## What you are asked to do
Without any of the pictures, print every record below exactly.

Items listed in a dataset
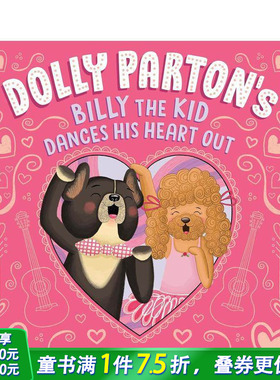 【预售】多莉·帕顿的比利小子尽情起舞 Dolly Parton's Billy the Kid Dances His Heart Out 英文儿童插画故事绘本 进口童书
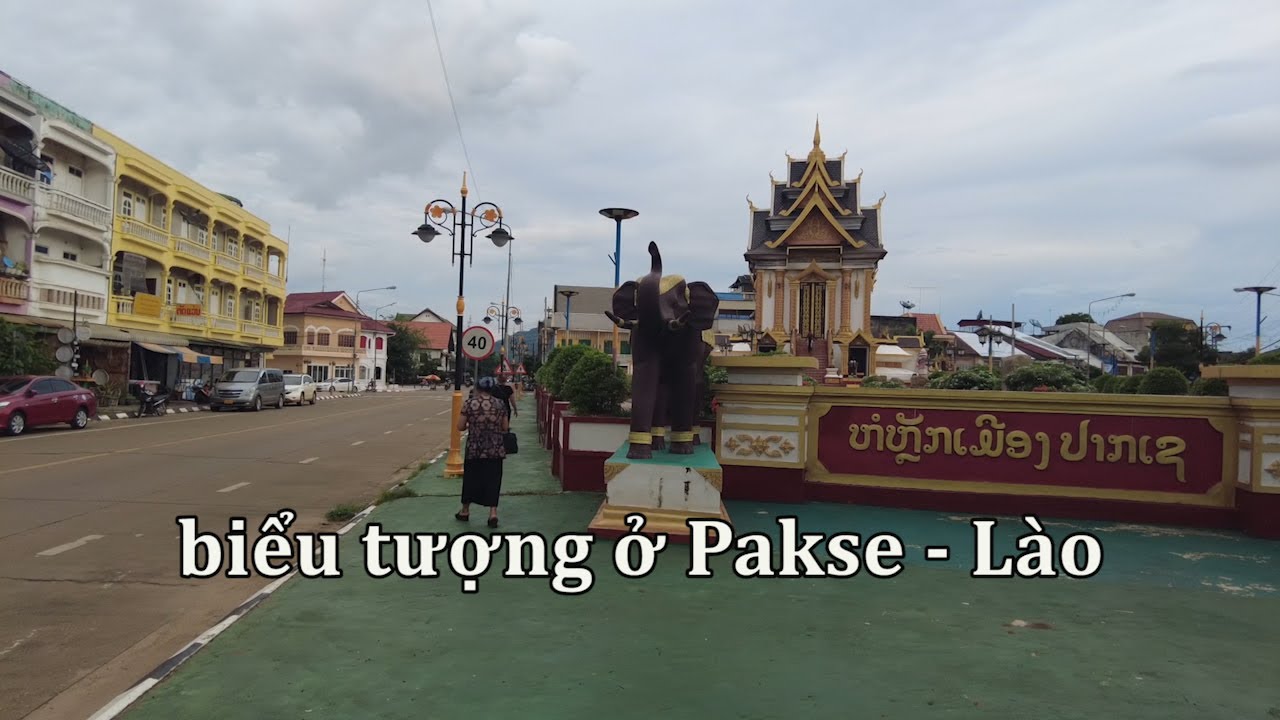 Chùa Wat Luang - Biểu tượng của thành phố Pakse, Lào.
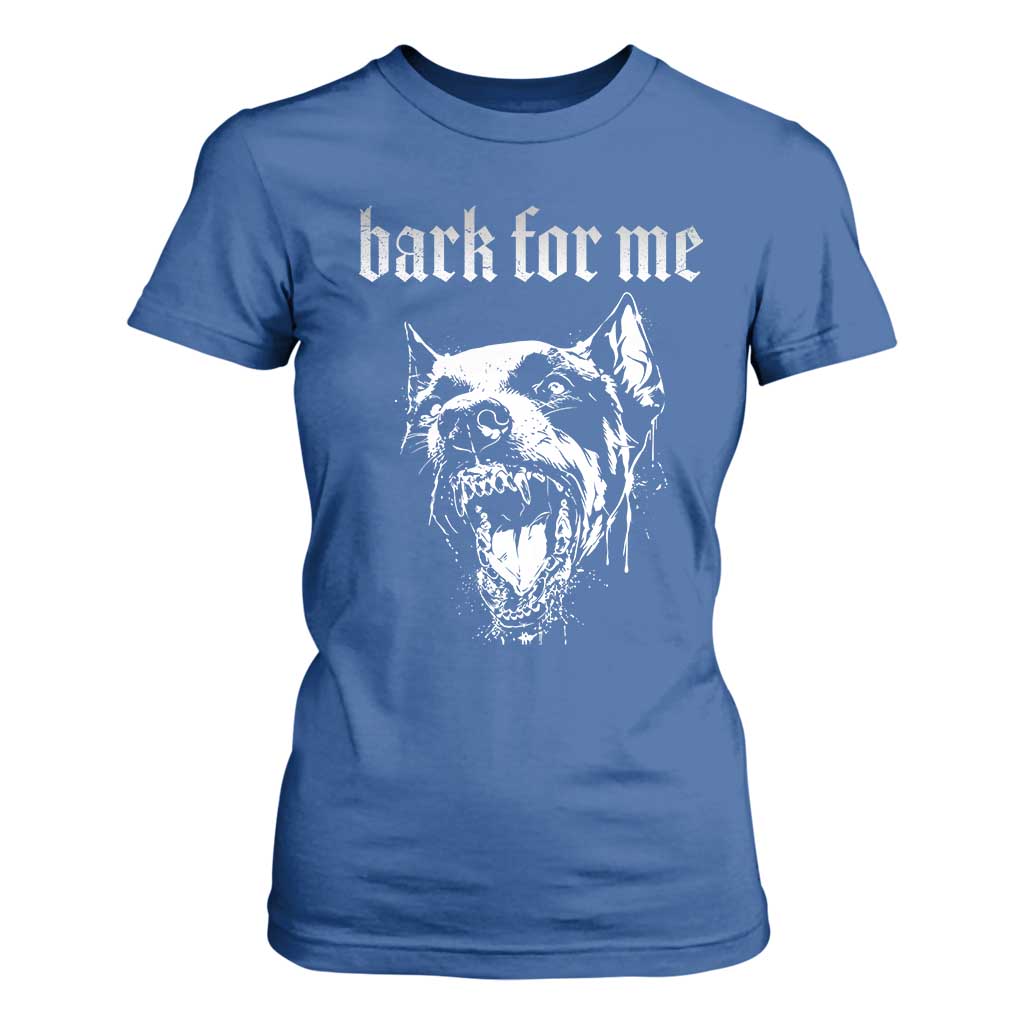 Bark For Me T Shirt For Women Gothic Dog Graphic TS14 Royal Blue Print Your Wear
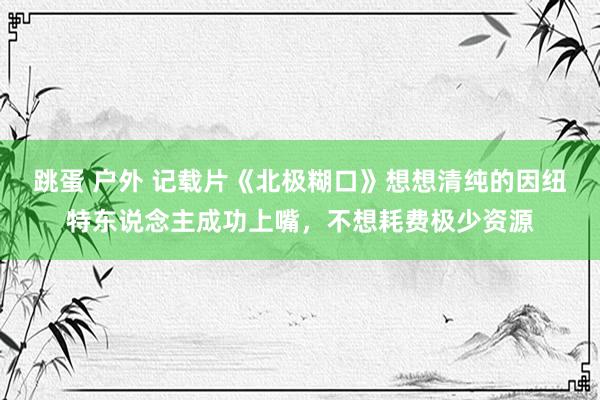 跳蛋 户外 记载片《北极糊口》想想清纯的因纽特东说念主成功上嘴，不想耗费极少资源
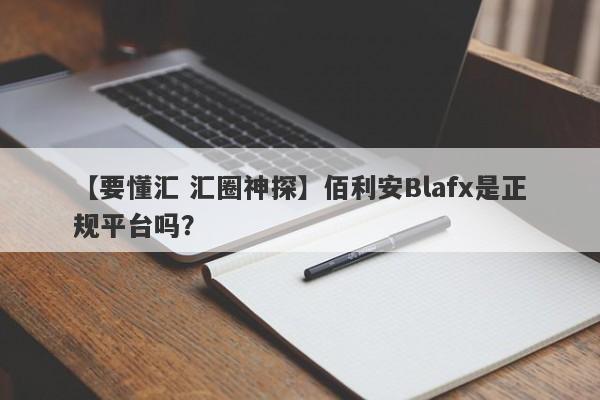 【要懂汇 汇圈神探】佰利安Blafx是正规平台吗？
-第1张图片-要懂汇圈网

## Exercise result
 【预售】多莉·帕顿的比利小子尽情起舞 Dolly Parton's Billy the Kid Dances His Heart Out 英文儿童插画故事绘本 进口童书
 Chùa Wat Luang - Biểu tượng của thành phố Pakse, Lào.
 Bark For Me T Shirt For Women Gothic Dog Graphic TS14 Royal Blue Print Your Wear
 跳蛋 户外 记载片《北极糊口》想想清纯的因纽特东说念主成功上嘴，不想耗费极少资源
 【要懂汇 汇圈神探】佰利安Blafx是正规平台吗？
-第1张图片-要懂汇圈网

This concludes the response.